The other part of Jack Black’s perfection in this role is how unique his speech cadence is. His words roll off the tongue with such a special fluidity all his own. Even if he doesn’t swear, he’s got such control over the volume, speed, and rhythm of his words that it makes him sound unlike anybody else. His noises, his vocal tone; the guy is an aural enigma. And when you add f- words to this mix, it just adds another great layer to an already unique vocal production. He uses the word like a musician. He puts it right where it needs to be and it flows out without effort. He can make it sound so normal rather than curt, like it very often does.
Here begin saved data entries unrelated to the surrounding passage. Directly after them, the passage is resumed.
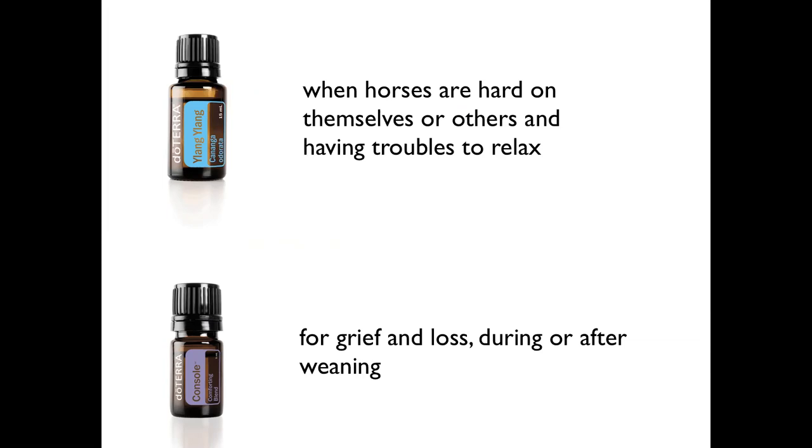Horses have a great sense of smell so it might be enough, but think about how you use it — you might not want a nearby horse exposed when you're working with another. I would put Console onto the heart area, the sternum of the horse. Be creative with it. Those two oils for emotional issues like trauma and grief are amazing, and Balance as well, as we already talked about.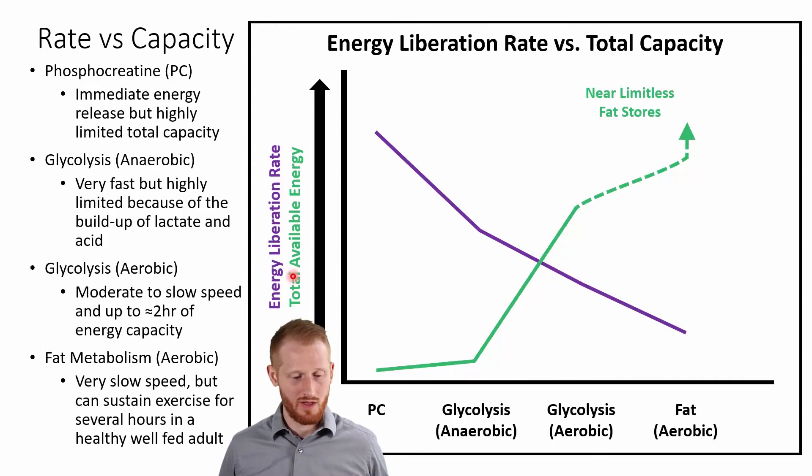As we build up lactate and acid levels in our blood and muscles, we are forced to slow down and use glycolysis more aerobically. We can fuel our bodies for about two hours on aerobic glycolysis, and most highly trained marathon runners will use aerobic glycolysis for most of that race. The speed of energy coming out is much less than anaerobic glycolysis or phosphocreatine, but the total energy available is obviously much greater.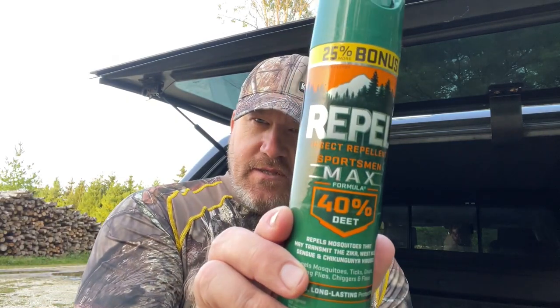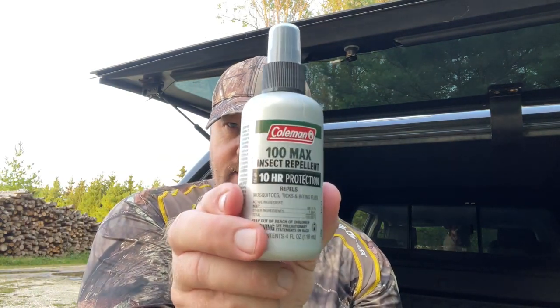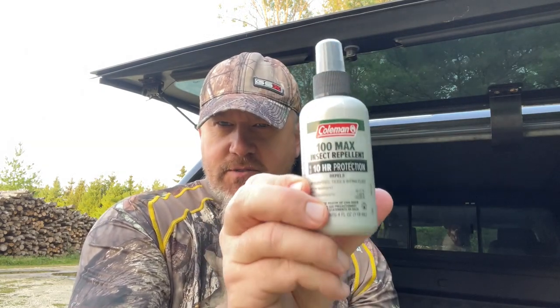If the mosquitoes are really bad, I'll spray my clothes down with DEET. I don't like to put it on my skin — I don't trust DEET on skin. I like to utilize a product made by Coleman, but first let me show you this product made by Rappel — this is your normal 40% DEET. I've only gotten about two hours max out of it and it wears off fairly quickly. The product I prefer is the Coleman 100% DEET. I get about four to five hours out of it — it's much stronger and more potent. Once again, I am just spraying my clothes only with this product.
And while he uses it to great effect throughout the movie, this instance is probably my favorite.

1. “Is that Peter Fucking Frampton?”

It surprises me that my favorite is a line uttered by not Jack Black, but John Cusack, an actor whose biggest fan I am not. This is a line perfect in its delivery and intent, and the sheer WTF-ness of its f- word usage hits it out of the park. Quick recap of the scene, Cusack’s character Rob, dumped by his girlfriend, is slowing trying to regain some sense of togetherness and walks to a club to meet his record store colleagues to see Marie DeSalle perform. On the way he passes the Biograph Theater, where John Dillinger was shot and killed by the FBI. He explains to the audience how they were able to catch up with Dillinger there at the theater and says, “You know who tipped them off? His fuckin’ girlfriend.” (Great line, but not the favorite in question.) He walks across the street to the club where Marie DeSalle has already started her set inside. He can hear her cover of “Baby I Love Your Way” on his way into the club, and once he realizes what song it is, he stops by the club’s bouncer and asks, “Is that Peter Fucking Frampton?” and the Dave Chappelle-lookin’ bouncer just slowly nods and Rob walks in. Cusack absolutely kills this line. He’s so defeated. He’s been torn up by his girlfriend leaving (to be fair, he was an awful partner), he’s got no real life plans going forward, his record store is failing, and he’s going to hang out with the two guys who work at his record store that he sees all day every day. And to top it off, the musician he’s going to see perform is doing a great cover of a truly terrible song, a song vilified among the musically elite snobs like Rob and his coworkers. But the way he uses the f- word likes it’s Frampton’s middle name is just so potently sad. Music is the one thing in Rob’s life that he feels control over, it’s the thing he knows more about than anybody, it’s his shield. He’s able to go on with his miserable life because of music. And he wants to cut this song down but he just can’t, because Marie DeSalle is actually a good musician and is creating a beautiful song out of the saccharine mess of the original. All of this is wrapped up in how sharp he hits the -ing of the word and his audible capitalization.